851G.00/11–3049: Airgram

The Ambassador in the United Kingdom (Douglas) to the Secretary of State

secret

A–2252. Reference is made to the Embassy’s A–2063, November 9, 1949, giving the substance of recommendations made by the Singapore [Page 101] Conference in regard to Indochina. This airgram was drafted on the basis of a-conversation with Mr. E. H. Scott, Head of the South-East Asia Department of the Foreign Office.

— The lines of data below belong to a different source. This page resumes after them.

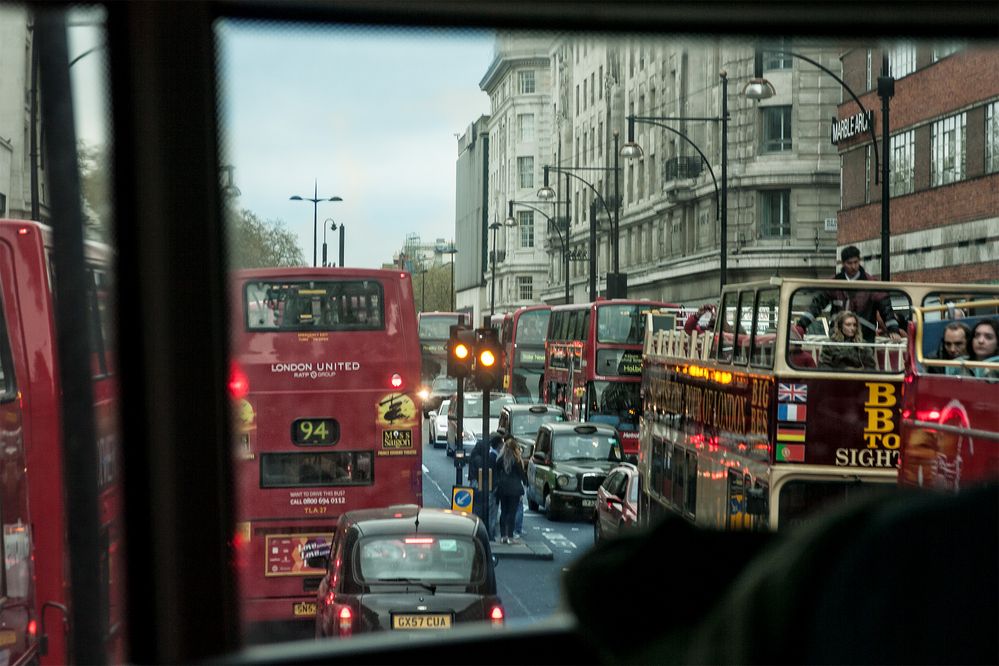 London Bus by Al Borde del Tejado 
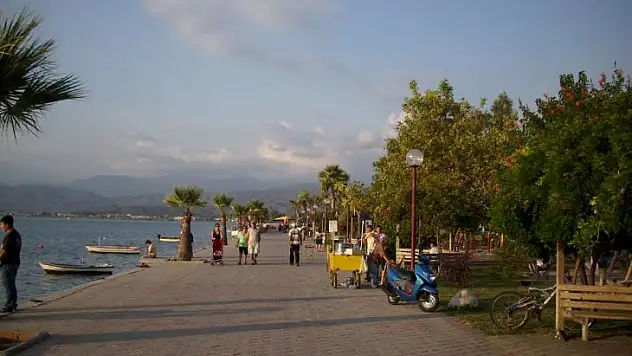 FETHİYE'DE OCAK AYINDA YAZDAN KALMA GÜNLER YAŞANIYOR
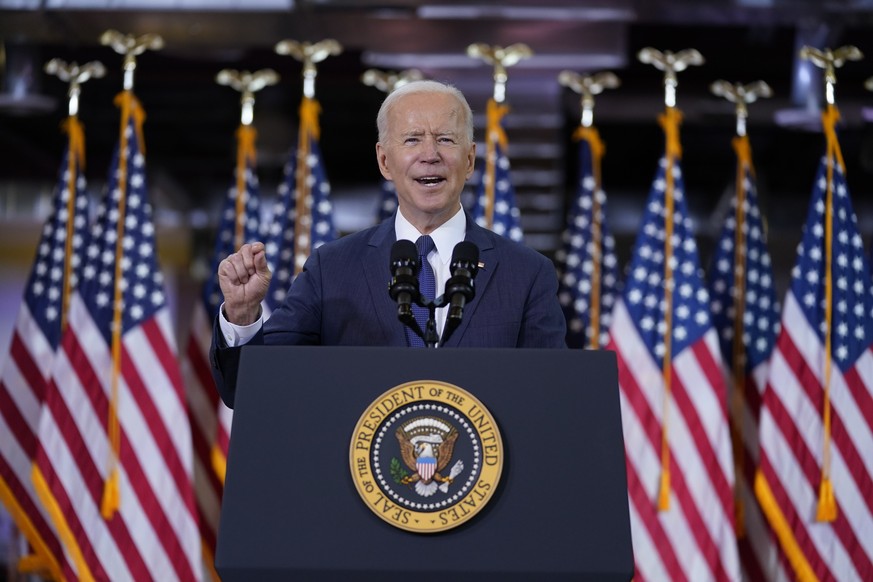 President Joe Biden delivers a speech on infrastructure spending at Carpenters Pittsburgh Training Center, Wednesday, March 31, 2021, in Pittsburgh. (AP Photo/Evan Vucci)
Joe Biden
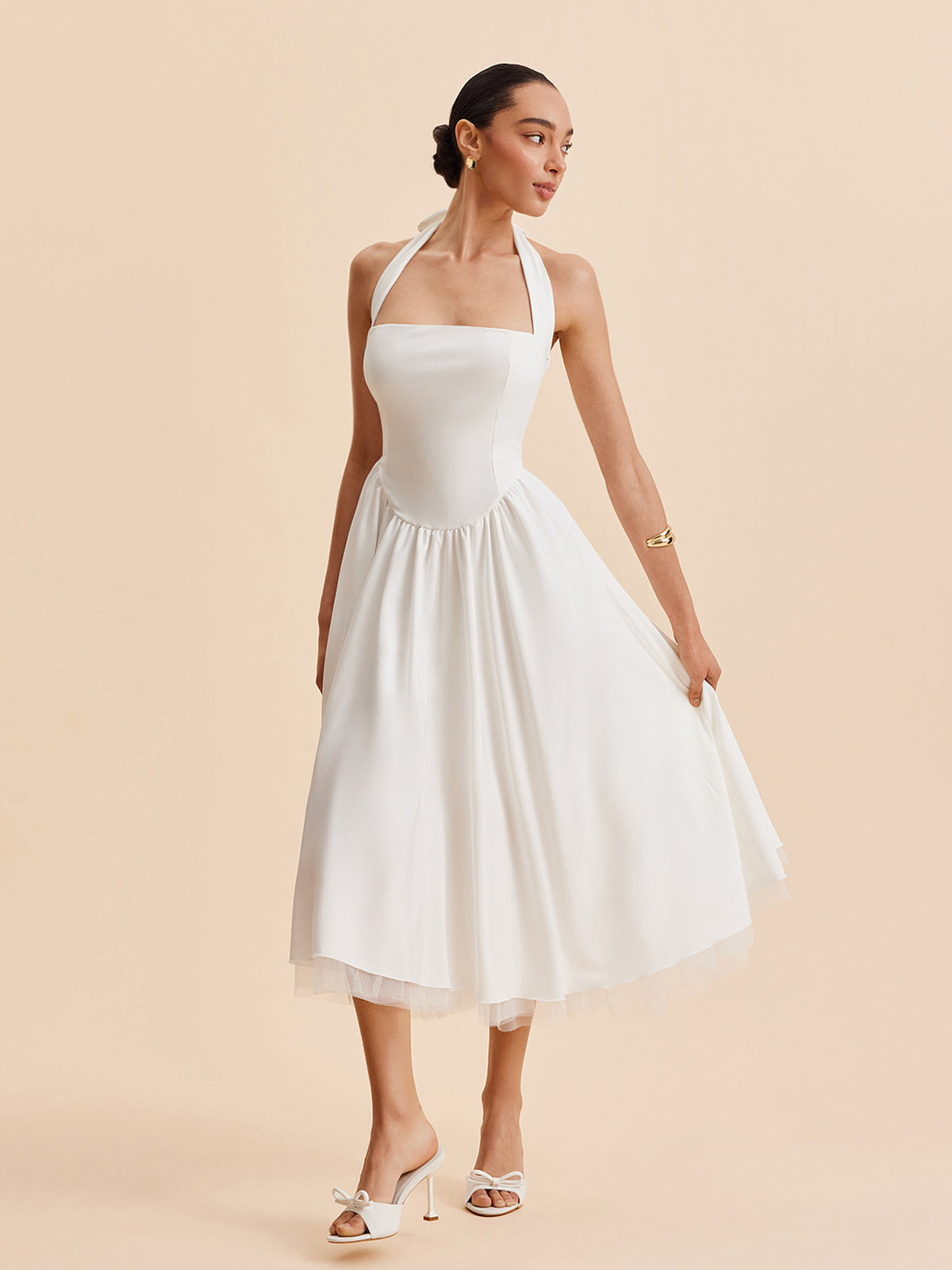 Halter Yaka Sırtı Açık Fermuarlı Kolsuz Elbise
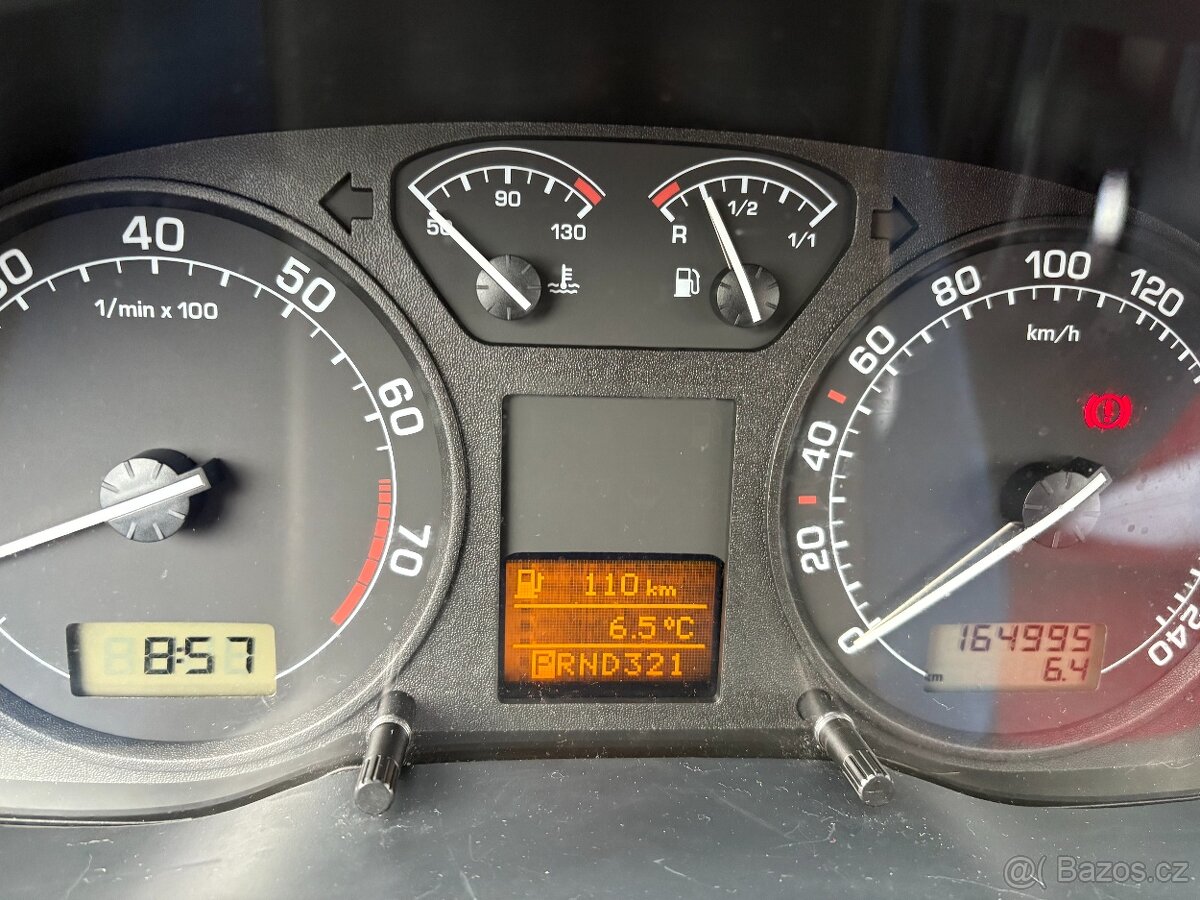 Škoda Octavia 2.0i, 85kW Automat, Klima - 9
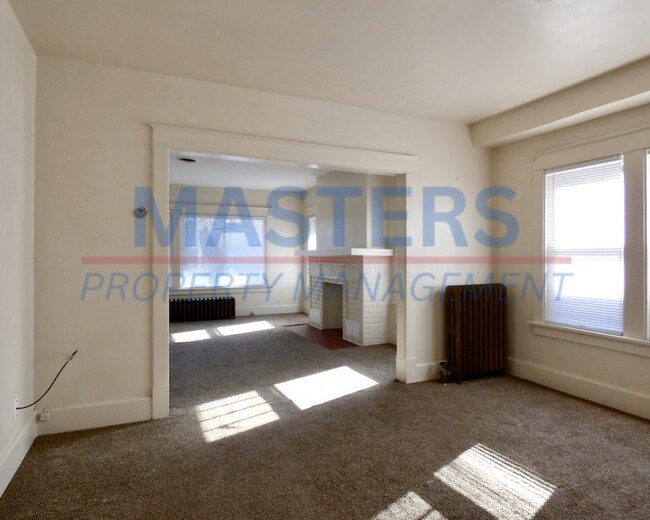 Building Photo - 4113 N Lockwood Ave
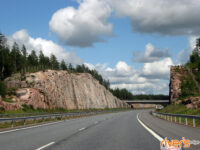 Autostrada w Finlandii w skalnej scenerii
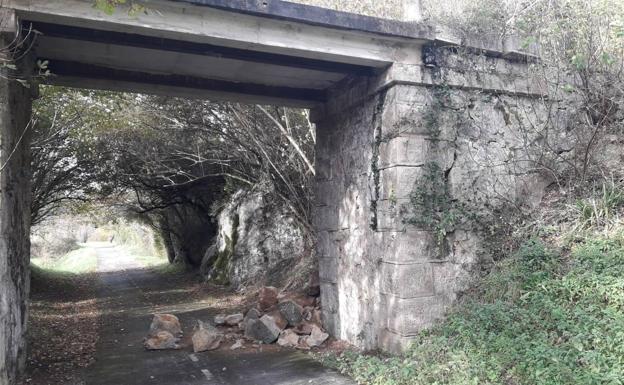 El puente de Peña de Villaescusa colapsa en uno de sus estribos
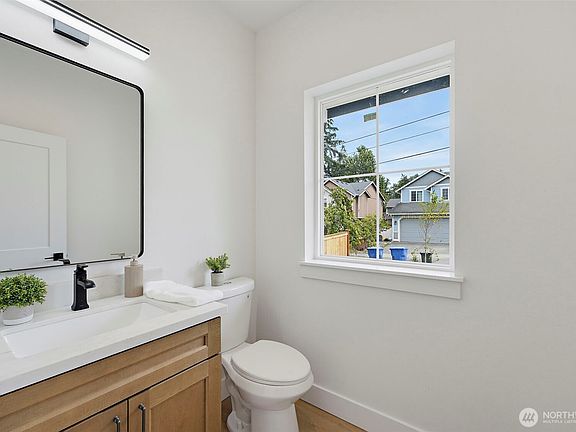 4th image of 3702 E R St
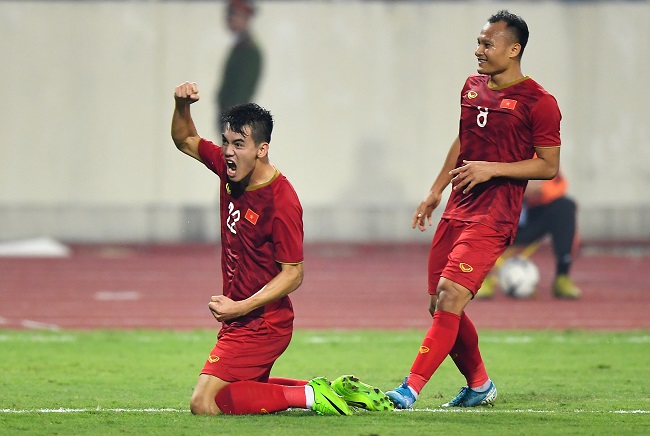 Nhìn từ chiến thắng UAE: Nền tảng thể lực là bệ phóng cho đội tuyển Việt Nam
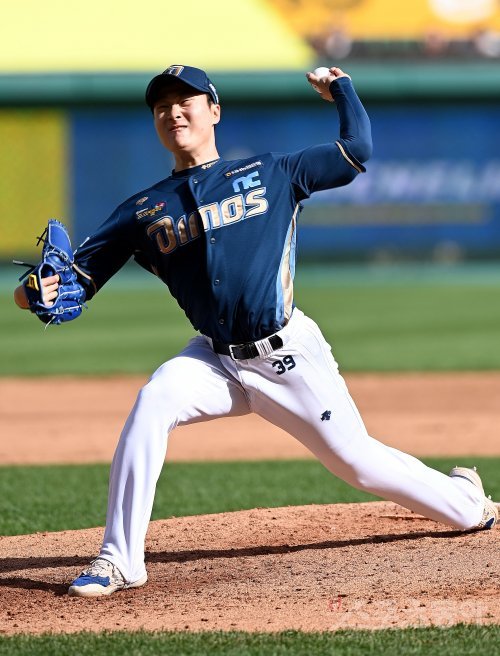 16일 인천 SSG 랜더스필드에서 ‘2023 신한은행 SOL KBO리그‘ SSG 랜더스와 NC 다이노스의 경기가 열렸다. 4회말 무사에서 NC 하준영이 구원 등판해 볼을 던지고 있다. 인천 | 김민성 기자 marineboy@donga.com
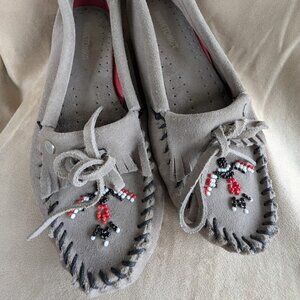 Minnetonka Moccasins 601TB- Women's Thunderbird Animikii Moccasin - Grey Suede
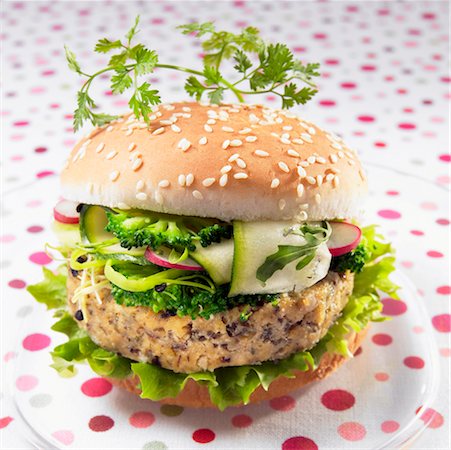 pink radish - Hamburger with tofu steak Foto de stock - Sin royalties Premium, Código: 652-02222464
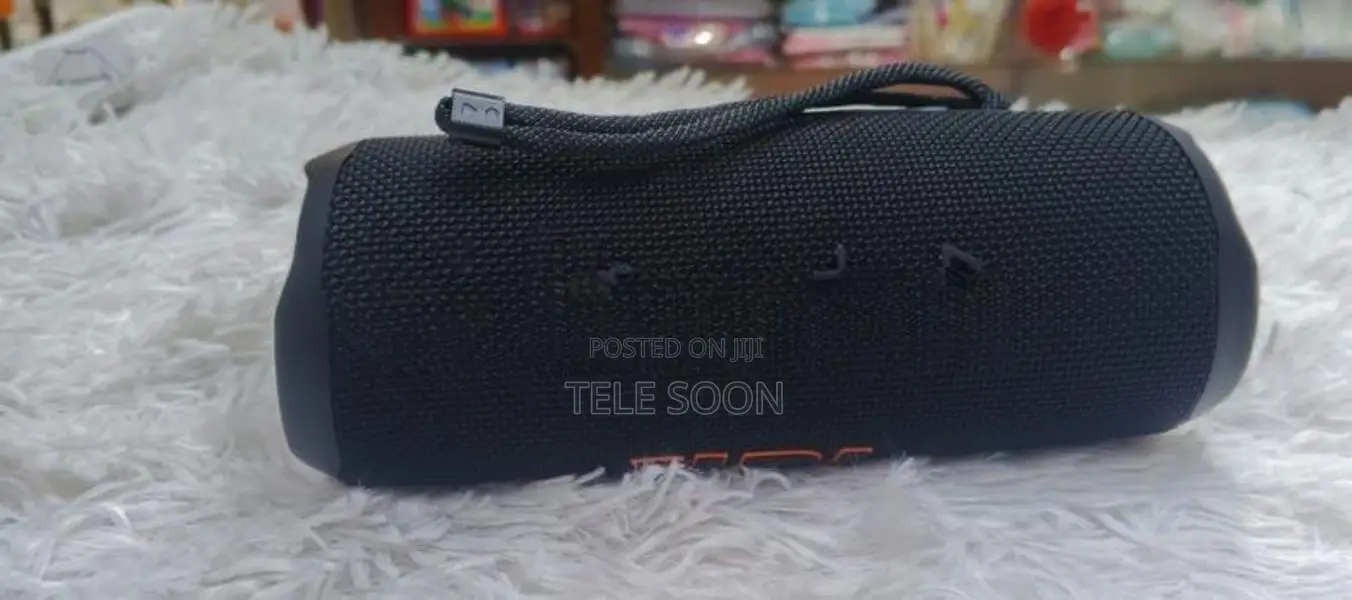 JBL Flip 6 Bluetooth Speaker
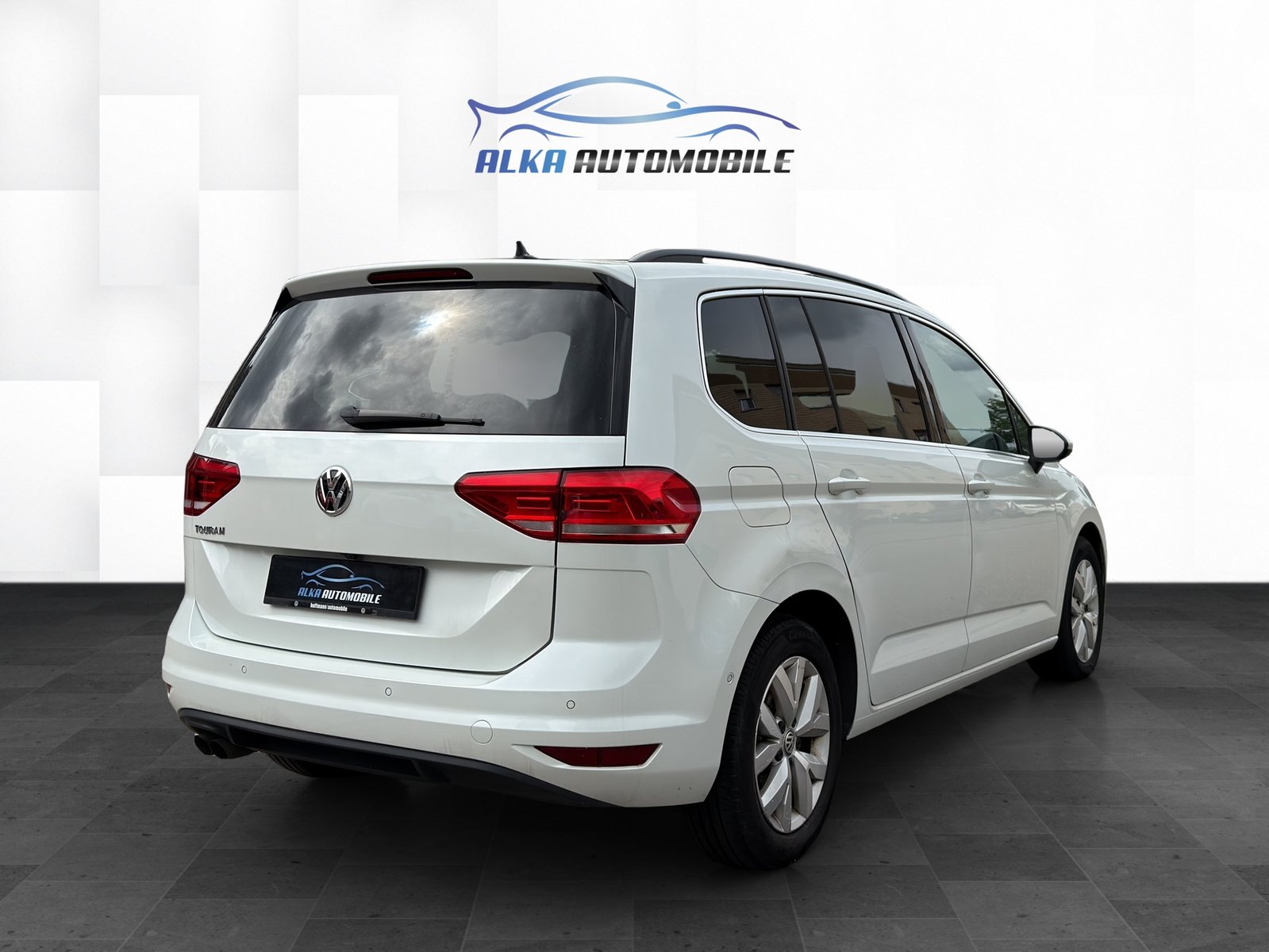 VW Touran 2.0 TDI BlueMotion Technology Comfortline 7 Platz, Diesel, Occasioni / Usate, Automatico - 6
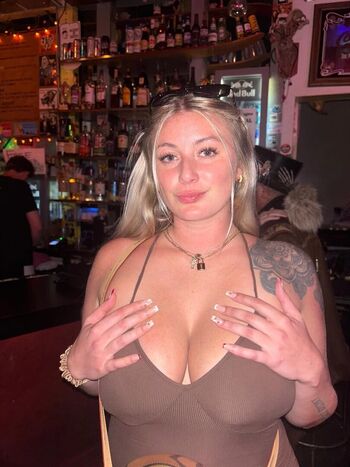 Full leaked Lexi darland private onlyfans photo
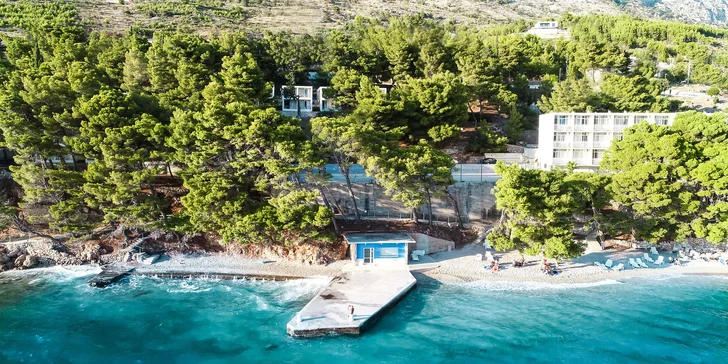 Plážový resort u Omiše: all inclusive light, bungalov až pro 4 osoby, v létě animace, first minute sleva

In a subsequent conversation, Mr. Scott referred to the hope expressed by the members of the Conference at Singapore that Secretary of State Acheson might make a public statement to the effect that in the event of a Communist attack on Indochina the United States would fulfil its duties under the Charter of the United Nations. (Apparently Mr. Bevin would concurrently make a similar public statement). Mr. Scott expressed the informal view that this aspect of the Singapore Conference recommendations at any rate would probably not be acted upon for, as he pointed out, such a stand with regard to Indochina would doubtless elicit from other Governments in an even weaker military position than the French in Indochina (Portugal with respect to Macao, or Thailand, for example) a request for a similar stand with regard to an attack across their frontier. The China–Burma frontier, he recalled, had never even been formally delimited in its entirety. It was his opinion that a guarantee of the frontiers of all the southern neighbors of China might prove to be an overwhelmingly impossible undertaking.